Admittedly for most of those presentations we cheated a bit and had some static themed graphics either side, and only played with the middle third for content. We still had to contend with crammed graphs and tiny text supplied to us in standard PowerPoint and make them sing somehow, but it was doable.

Then as I was sitting in the slide room in the Barcelona conference centre, reflecting on 2 days of successful meeting and thinking about going and getting some dinner,the VP of Global Medical Affairs (the therapeutic area medical head) for this multi-billion dollar drug came up to me and said,

“Richard…”

Now, I liked VPGMA. We’d done some great stuff together, and had some really good discussions about the product and what we were trying to achieve. So I was inclined to be sympathetic to his request. And then he told me what he wanted.

He was due to open the proceedings for the final day—recap the meeting so far, give a 10-minute Medical Affairs talk, and introduce the morning’s speakers. He’d seen the amazing slide work we’d done for his colleagues in the other functions, and didn’t want to give the standard data-heavy medical spiel.

So we had a chat about how we could just use graphics with key numbers highlighted, the fewest possible words, and fit it all in under 3 minutes with some animations to bring it seamlessly together.

Then he dropped the bomb.

“And I want it to be timed,” he said, pulling up an MP3 on his laptop, “so that the messages come on screen at the same time as the words in the song”.

We listened to the song and I searched up the lyrics.

“Sure,” I said, without knowing if it was even possible. “We can do that.”

“And I don’t want to click through. I don’t want to say anything after presenting the agenda. I want it to run automatically from start to end.”

“Across the entire screen?”

“Across the entire screen.”

Dear Reader, I learned a lot about animation timings in PowerPoint that evening.

I sat in the slide room with the rest of the writing team, and as the night wore on and one-by-one they finished their own “one more thing”s, they gathered around the wide-screen TV I was using as a second monitor. Every now and then I’d say “Right, here we go,” and test the next 20-second segment. There’d be the occasional comment, such as “You’re a little bit fast, there”, and I’d go and tweak that one slide and then check all the other timings that were affected, before running the animation again.

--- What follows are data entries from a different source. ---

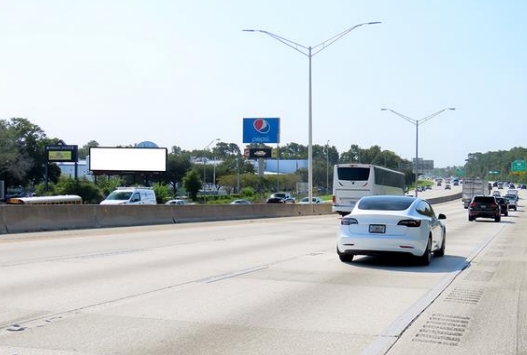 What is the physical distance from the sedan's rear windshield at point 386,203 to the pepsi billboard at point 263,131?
73.7 m

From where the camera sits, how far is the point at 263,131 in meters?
90.2

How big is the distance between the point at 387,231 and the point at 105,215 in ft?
55.5

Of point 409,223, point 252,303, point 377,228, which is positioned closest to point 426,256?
point 409,223

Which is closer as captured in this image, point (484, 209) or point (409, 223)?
point (409, 223)

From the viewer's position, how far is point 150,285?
A: 1173cm

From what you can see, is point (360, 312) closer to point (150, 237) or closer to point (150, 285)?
point (150, 285)

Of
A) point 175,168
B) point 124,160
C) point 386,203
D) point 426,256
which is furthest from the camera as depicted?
point 175,168

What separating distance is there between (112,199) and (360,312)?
1228 inches

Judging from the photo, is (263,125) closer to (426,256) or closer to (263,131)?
(263,131)

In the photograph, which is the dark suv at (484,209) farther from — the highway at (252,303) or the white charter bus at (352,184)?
the highway at (252,303)

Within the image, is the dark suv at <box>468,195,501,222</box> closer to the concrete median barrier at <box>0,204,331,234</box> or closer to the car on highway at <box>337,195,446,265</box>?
the concrete median barrier at <box>0,204,331,234</box>

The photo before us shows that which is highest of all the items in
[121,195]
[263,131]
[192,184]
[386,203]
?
[263,131]

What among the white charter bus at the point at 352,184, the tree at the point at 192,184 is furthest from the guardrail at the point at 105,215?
the tree at the point at 192,184

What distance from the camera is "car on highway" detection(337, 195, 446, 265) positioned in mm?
15086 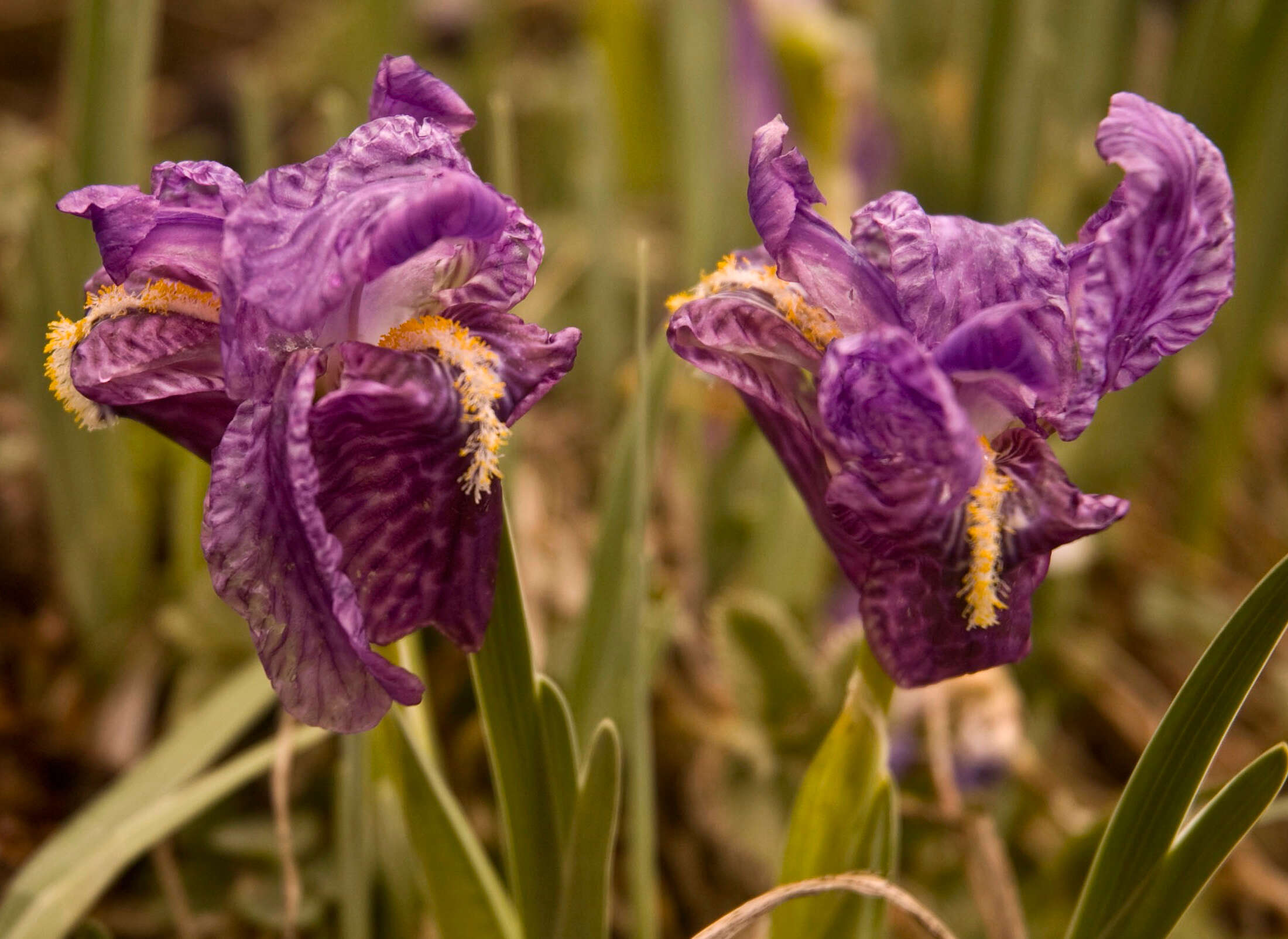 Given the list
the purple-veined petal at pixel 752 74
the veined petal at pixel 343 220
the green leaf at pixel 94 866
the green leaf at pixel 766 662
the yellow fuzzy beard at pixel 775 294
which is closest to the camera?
the veined petal at pixel 343 220

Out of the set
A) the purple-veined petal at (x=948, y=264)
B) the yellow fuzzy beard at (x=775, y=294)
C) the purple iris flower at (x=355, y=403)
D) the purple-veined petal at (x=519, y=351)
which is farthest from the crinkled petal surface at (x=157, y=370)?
the purple-veined petal at (x=948, y=264)

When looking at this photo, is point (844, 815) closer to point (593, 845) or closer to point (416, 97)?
point (593, 845)

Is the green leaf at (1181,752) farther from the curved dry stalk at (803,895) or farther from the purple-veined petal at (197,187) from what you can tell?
the purple-veined petal at (197,187)

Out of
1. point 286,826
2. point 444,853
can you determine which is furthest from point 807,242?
point 286,826

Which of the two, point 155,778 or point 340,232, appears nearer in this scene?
point 340,232

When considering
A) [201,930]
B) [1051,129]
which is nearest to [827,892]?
[201,930]

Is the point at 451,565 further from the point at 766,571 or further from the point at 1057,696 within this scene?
the point at 1057,696

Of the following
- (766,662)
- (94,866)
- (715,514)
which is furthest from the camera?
(715,514) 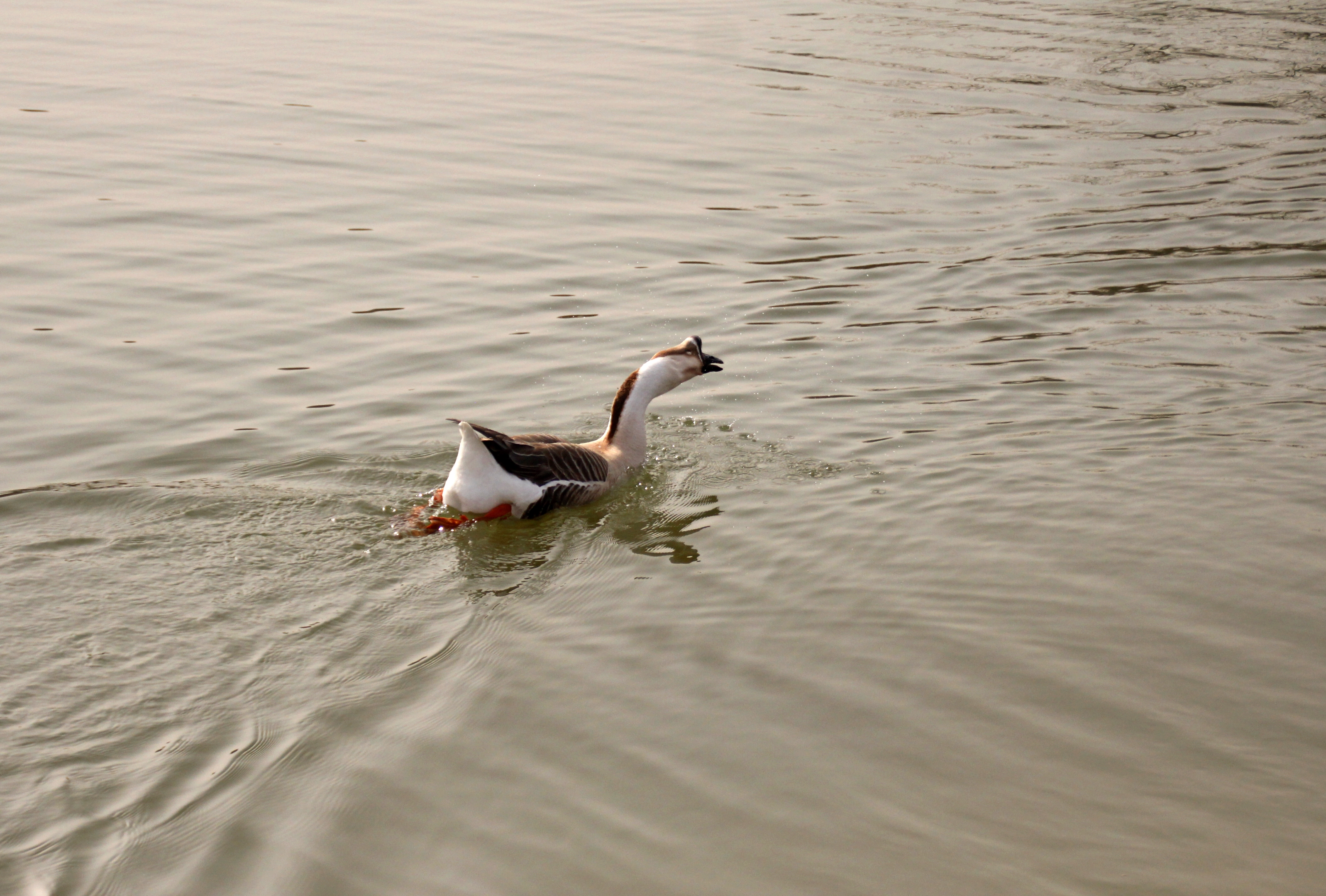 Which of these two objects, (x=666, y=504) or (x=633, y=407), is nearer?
(x=666, y=504)

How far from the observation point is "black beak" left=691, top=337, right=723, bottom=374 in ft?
33.1

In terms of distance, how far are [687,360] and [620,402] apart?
63 cm

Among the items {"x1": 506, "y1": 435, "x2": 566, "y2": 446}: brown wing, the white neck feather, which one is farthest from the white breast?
the white neck feather

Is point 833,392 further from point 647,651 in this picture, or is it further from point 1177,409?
point 647,651

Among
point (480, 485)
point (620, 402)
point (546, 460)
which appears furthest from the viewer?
point (620, 402)

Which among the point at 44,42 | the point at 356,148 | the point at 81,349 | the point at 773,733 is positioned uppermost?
the point at 44,42

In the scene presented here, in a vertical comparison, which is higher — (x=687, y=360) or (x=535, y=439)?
(x=687, y=360)

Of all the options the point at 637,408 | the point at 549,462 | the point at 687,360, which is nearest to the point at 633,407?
the point at 637,408

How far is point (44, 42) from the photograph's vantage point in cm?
2189

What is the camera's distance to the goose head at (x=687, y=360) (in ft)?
33.1

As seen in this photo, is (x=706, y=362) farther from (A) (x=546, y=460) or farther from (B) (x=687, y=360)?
(A) (x=546, y=460)

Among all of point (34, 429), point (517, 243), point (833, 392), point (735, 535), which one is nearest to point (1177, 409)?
point (833, 392)

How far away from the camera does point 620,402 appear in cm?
1005

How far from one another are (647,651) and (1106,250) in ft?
30.8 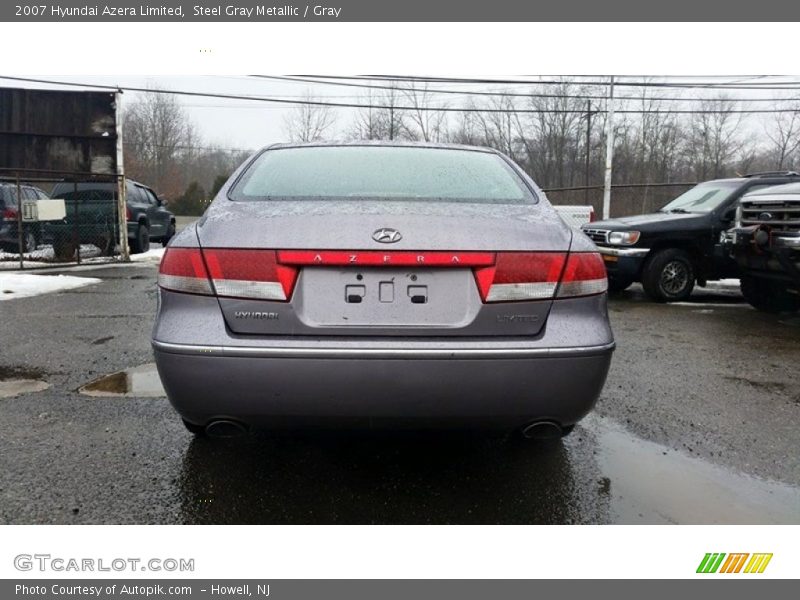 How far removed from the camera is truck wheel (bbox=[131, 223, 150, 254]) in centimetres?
1488

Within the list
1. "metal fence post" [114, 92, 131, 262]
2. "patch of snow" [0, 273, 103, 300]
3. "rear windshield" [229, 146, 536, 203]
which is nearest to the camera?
"rear windshield" [229, 146, 536, 203]

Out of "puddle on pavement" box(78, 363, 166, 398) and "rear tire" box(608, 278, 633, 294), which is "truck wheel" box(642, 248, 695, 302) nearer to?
"rear tire" box(608, 278, 633, 294)

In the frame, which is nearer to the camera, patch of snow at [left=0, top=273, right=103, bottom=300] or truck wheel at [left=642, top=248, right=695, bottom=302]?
truck wheel at [left=642, top=248, right=695, bottom=302]

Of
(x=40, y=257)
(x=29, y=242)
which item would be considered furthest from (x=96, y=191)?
(x=40, y=257)

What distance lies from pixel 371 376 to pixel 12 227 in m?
13.2

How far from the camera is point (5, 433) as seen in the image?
3.09 metres

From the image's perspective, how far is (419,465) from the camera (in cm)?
274

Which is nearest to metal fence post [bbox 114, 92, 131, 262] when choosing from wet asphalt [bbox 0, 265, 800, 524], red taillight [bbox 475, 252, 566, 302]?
wet asphalt [bbox 0, 265, 800, 524]

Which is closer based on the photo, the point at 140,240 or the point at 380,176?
the point at 380,176

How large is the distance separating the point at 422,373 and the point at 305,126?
32922 millimetres

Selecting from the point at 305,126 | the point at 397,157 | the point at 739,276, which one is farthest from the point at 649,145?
the point at 397,157

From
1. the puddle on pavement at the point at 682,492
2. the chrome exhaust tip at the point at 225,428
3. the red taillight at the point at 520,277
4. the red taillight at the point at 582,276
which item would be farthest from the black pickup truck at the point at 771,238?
the chrome exhaust tip at the point at 225,428

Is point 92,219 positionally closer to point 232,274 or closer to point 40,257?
point 40,257

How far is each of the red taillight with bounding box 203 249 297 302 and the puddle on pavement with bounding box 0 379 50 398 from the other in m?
2.41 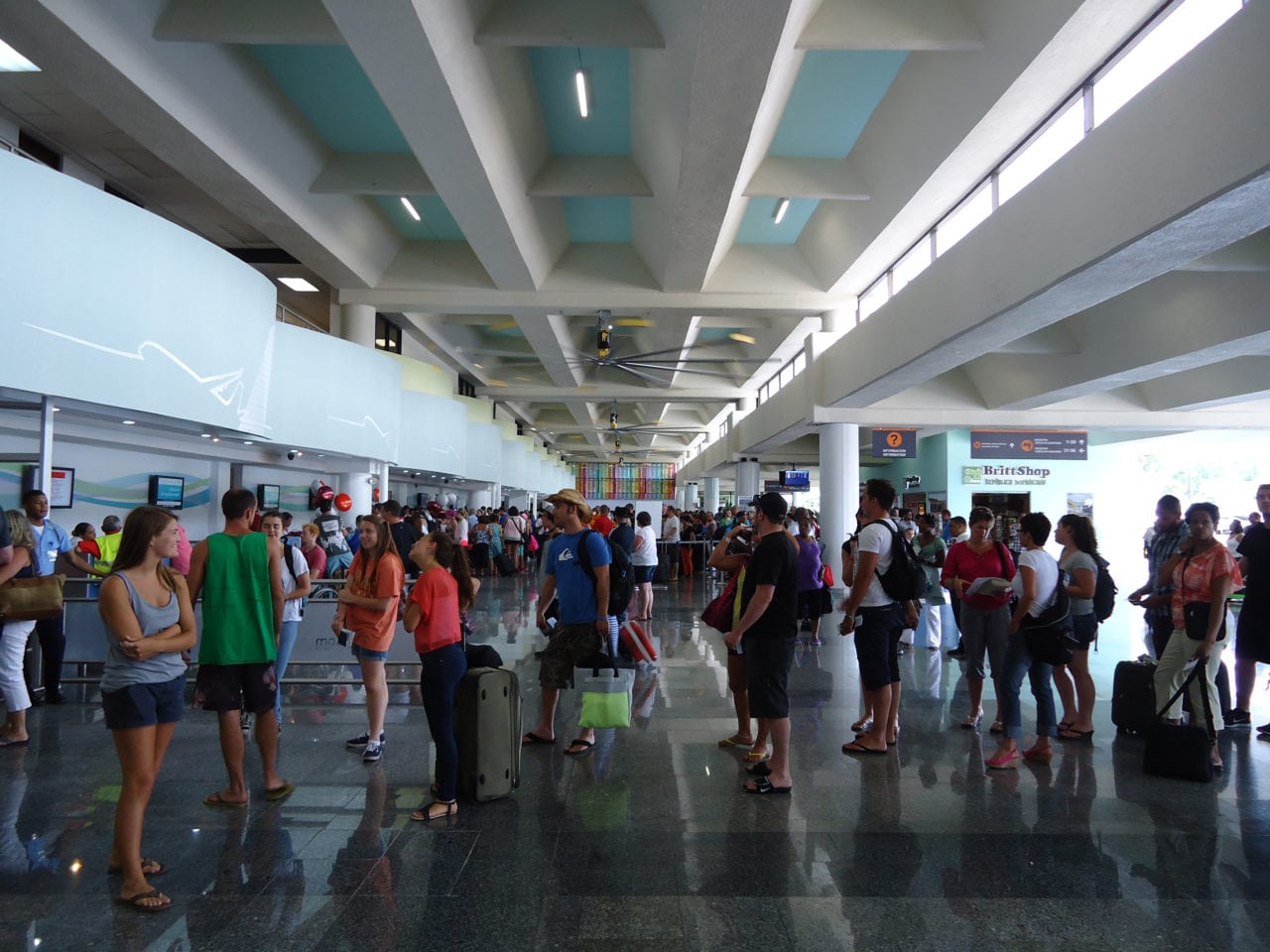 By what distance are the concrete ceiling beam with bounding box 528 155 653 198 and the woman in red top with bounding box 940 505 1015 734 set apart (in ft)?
24.4

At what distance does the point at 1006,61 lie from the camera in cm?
772

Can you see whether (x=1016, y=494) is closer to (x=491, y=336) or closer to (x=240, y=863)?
(x=491, y=336)

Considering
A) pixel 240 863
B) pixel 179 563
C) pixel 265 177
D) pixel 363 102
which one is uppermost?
pixel 363 102

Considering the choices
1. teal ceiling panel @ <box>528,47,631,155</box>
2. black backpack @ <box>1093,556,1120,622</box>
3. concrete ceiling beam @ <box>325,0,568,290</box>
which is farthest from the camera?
teal ceiling panel @ <box>528,47,631,155</box>

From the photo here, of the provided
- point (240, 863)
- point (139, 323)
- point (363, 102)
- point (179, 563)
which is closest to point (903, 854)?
point (240, 863)

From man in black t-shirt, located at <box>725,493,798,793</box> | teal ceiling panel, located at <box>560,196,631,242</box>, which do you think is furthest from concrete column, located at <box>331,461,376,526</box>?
man in black t-shirt, located at <box>725,493,798,793</box>

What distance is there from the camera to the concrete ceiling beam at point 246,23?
7.55m

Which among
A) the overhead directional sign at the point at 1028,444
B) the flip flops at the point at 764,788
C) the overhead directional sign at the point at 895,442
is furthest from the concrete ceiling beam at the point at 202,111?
the overhead directional sign at the point at 1028,444

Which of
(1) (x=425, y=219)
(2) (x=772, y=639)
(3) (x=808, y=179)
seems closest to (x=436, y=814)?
(2) (x=772, y=639)

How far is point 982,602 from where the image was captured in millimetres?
5520

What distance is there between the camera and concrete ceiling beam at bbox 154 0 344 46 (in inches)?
297

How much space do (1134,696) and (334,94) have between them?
1038 centimetres

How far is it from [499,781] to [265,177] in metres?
9.05

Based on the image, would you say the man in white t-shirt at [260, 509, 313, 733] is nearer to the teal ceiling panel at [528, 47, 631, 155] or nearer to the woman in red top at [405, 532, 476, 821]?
the woman in red top at [405, 532, 476, 821] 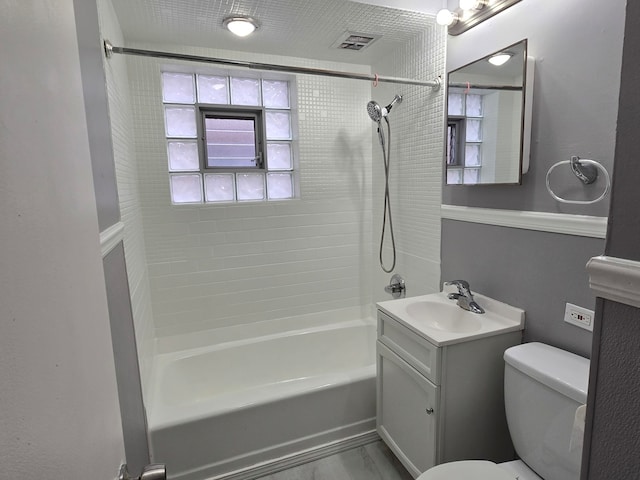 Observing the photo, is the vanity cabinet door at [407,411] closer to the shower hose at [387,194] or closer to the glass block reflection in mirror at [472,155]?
the shower hose at [387,194]

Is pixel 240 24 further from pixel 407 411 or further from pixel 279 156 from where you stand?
pixel 407 411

We were heartily sick of the song by the time, a couple of hours after midnight, I exported the file as an MP4 and sent it to VPGMA with a short note asking for his approval.

In the morning, I had to upload the video to the AV desk, and explain to the AV crew that no, the first part isn’t slides, you need to switch from the holding screen to the video, and then back to the slideshow for the next presenter. They got it eventually, and we even managed to test it—with 5 minutes to spare, of course.

And the best part of this entire story?

It’s the only time I’ve ever seen Head of Medical receive a standing ovation at a Brand—or any other—Meeting.